Um dia não são dias. Não?
Arsélio Martins

Por onde eu caminho, o tempo não comeu a vontade de ser feliz e acreditar nas pessoas que conheço e não conheço. Calcorreamos as ruas trocando “bons dias! como está?” sem nos determos um momento a pensar no mal e no bem, porque sabemos que o bem é a normalidade e o mal esconde-se na excepção para ser encontrado e ser transformado pelo bem comum.
Saio assim pelas ruas de Aveiro. Saio de casa e sossego o olhar na relva em frente cercada por uma moldura de árvores que ensinam o caminho às estradas velozes. Olho a praceta Afonso Gomes. É uma praceta cuidada pela cooperativa Chave, a relva está verde e as plantas estão a crescer em todo o seu esplendor. No campo de jogos, dois jovens atacam-se com bolas de brincar.
Atravesso o meu bairro de Santiago e procuro e encontro o sossego das praças públicas entre as bandas de casas. Nestes dias calmos, descansam nos bancos os olhares que vigiam as crianças nas suas aleatórias viagens pela relva. Atravesso o meu bairro de Santiago pelos jardins públicos (só tenho pena que alguns gestos construtivos tenham sido interrompidos e possam ter sido o início da degradação que só os humanos sabem acrescentar), mas principalmente atravesso o meu olhar feliz pelos pequenos paraísos de flores que as mãos dos pobres sabem fazer crescer nas portas de entrada e nas varandas do sonho. Quando o vento é forte (e é muitas vezes forte) caminho apressado. Quando é brisa de Santiago ou quando está muito calor, vagueio pelas arcadas dos comboios amarelos numa viagem de sombra fresca e não me canso desta companhia das cores vegetais em que quero tropeçar. Tudo depende do olhar.

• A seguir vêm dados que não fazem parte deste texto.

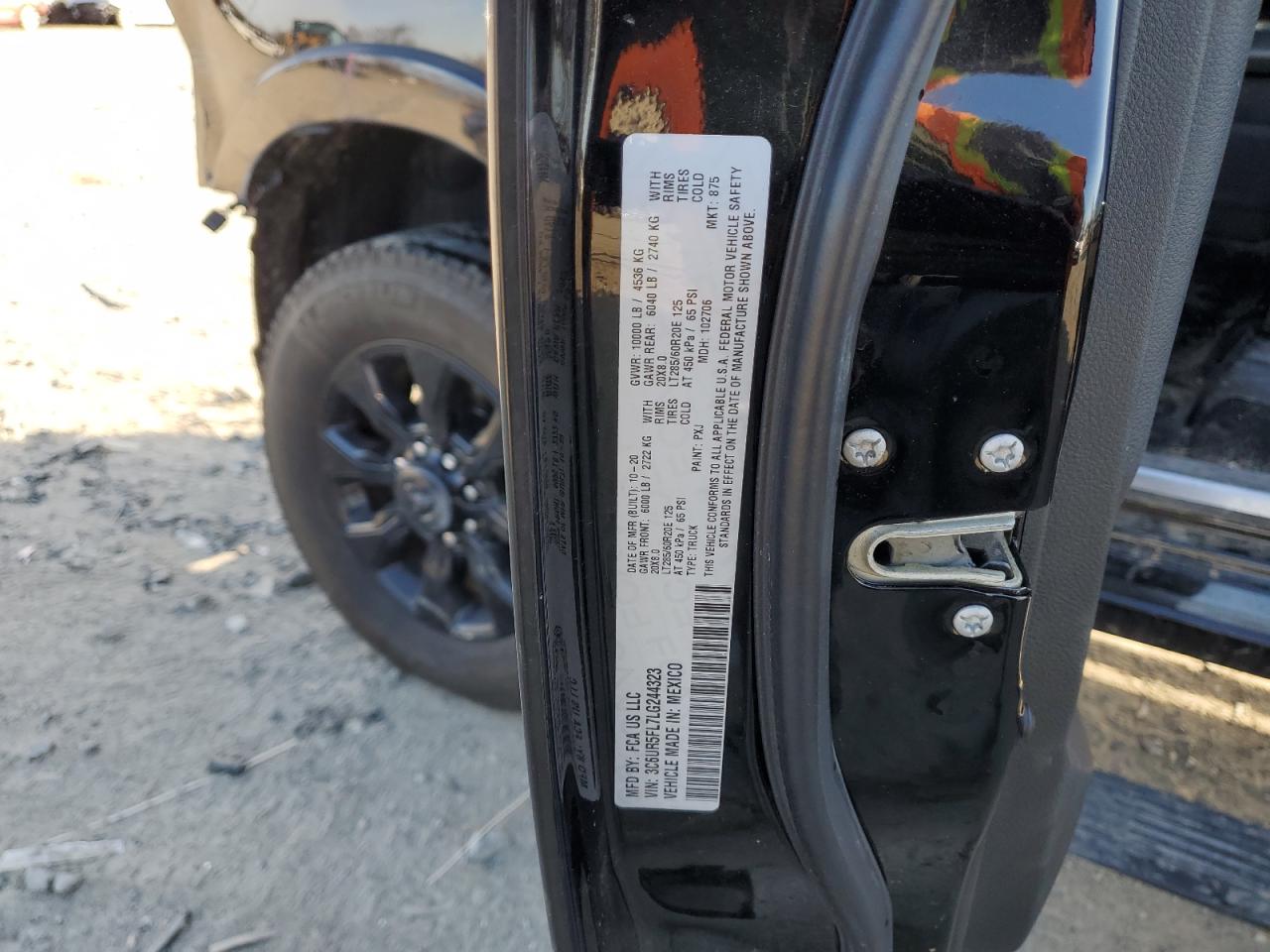 2020 RAM 2500 - Image 12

Passo pelo quiosque e o jornal devolve-me uma tristeza fria. Mas persisto no caminho da gente comum da cidade, esta que nos habitua a andar. Passo pela praça do Marquês. Ainda o pó (agora amarelo avermelhado da cama da calçada) nos acompanha na passagem de uma praça em obras com cheiro a pedras e cimento para outra praça com pessoas e cores vegetais. Na rua dos Combatentes, as cores estão penduradas à altura dos olhos voadores e lá em baixo a água para a esquerda acrescenta-nos a serenidade dos espelhos naturais. Quando subo para a Sé, descanso na relva do museu. A Natália C. pergunta-me pela família. As árvores da rua Passos Manuel encheram-me de folhas contra a agressão da poda. Entro no cercado da escola José Estêvão pelo lado das árvores de majestade sem nome. Dentro do edifício, os corredores estão frescos e os jovens atropelam gargalhadas. Deixo que os meus olhos se prendam no jardim nascido entre as pedras do pátio interior de mim mesmo. Entre as casas, dentro das ruas de Aveiro, pé ante pé transporto o ar da vida comum até aqui. Escrevo: “a semana que passou não é só o que está fora de cada um de nós.”